### What the task requires:
Set down exactly the lines below between the line holding "曬曬我在深圳大梅沙三千萬的海景別墅！" and the line holding "三酉屋 - ねぎま塩220円、はつ塩176円", inclusive; no other line belongs in the answer.

### Records for this task:
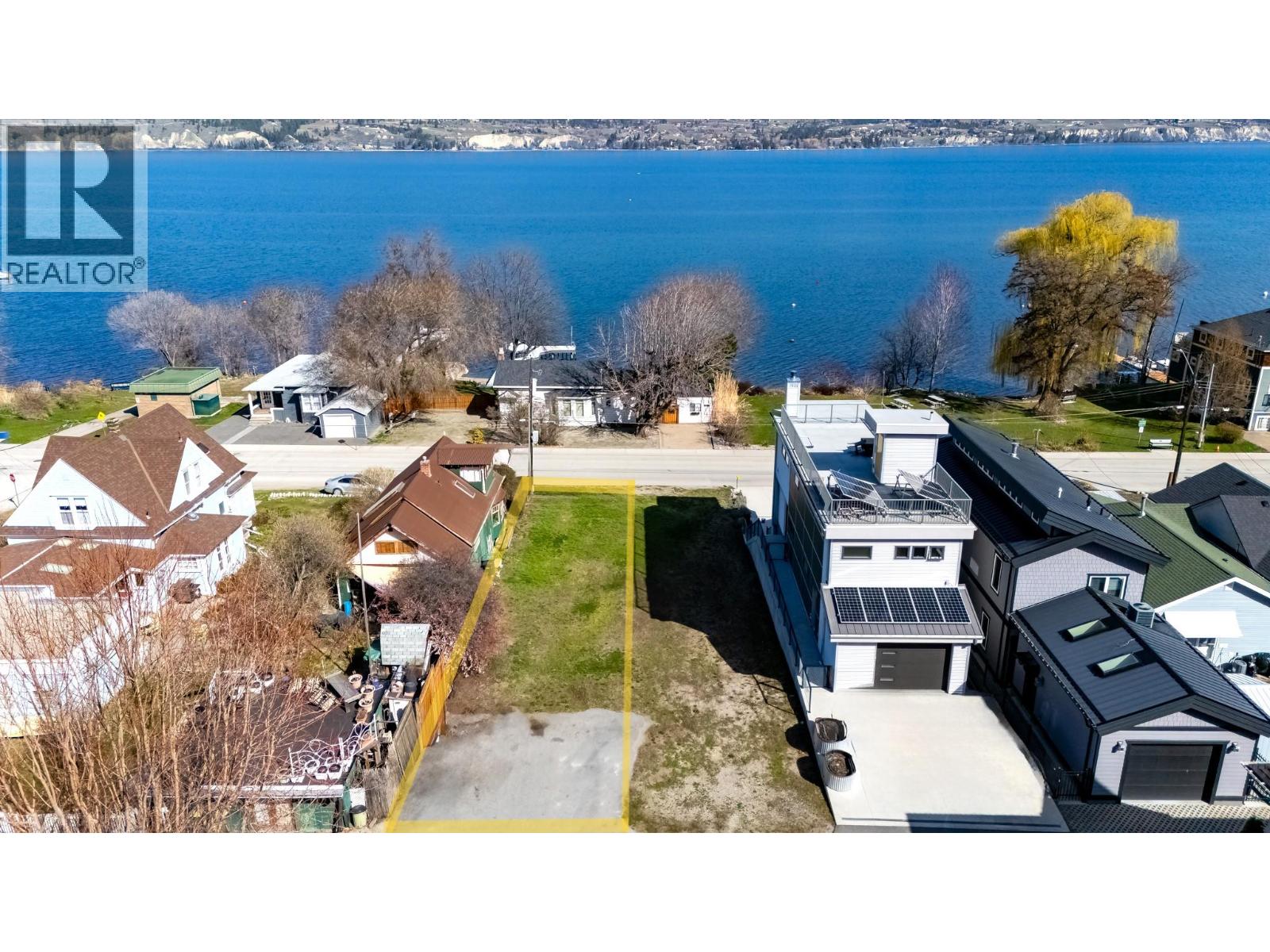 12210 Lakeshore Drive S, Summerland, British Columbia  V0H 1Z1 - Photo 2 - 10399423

==

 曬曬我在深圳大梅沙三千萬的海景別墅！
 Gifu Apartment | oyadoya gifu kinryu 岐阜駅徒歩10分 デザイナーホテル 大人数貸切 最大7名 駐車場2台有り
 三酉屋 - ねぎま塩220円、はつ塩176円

### Answer below:
 曬曬我在深圳大梅沙三千萬的海景別墅！
 Gifu Apartment | oyadoya gifu kinryu 岐阜駅徒歩10分 デザイナーホテル 大人数貸切 最大7名 駐車場2台有り
 三酉屋 - ねぎま塩220円、はつ塩176円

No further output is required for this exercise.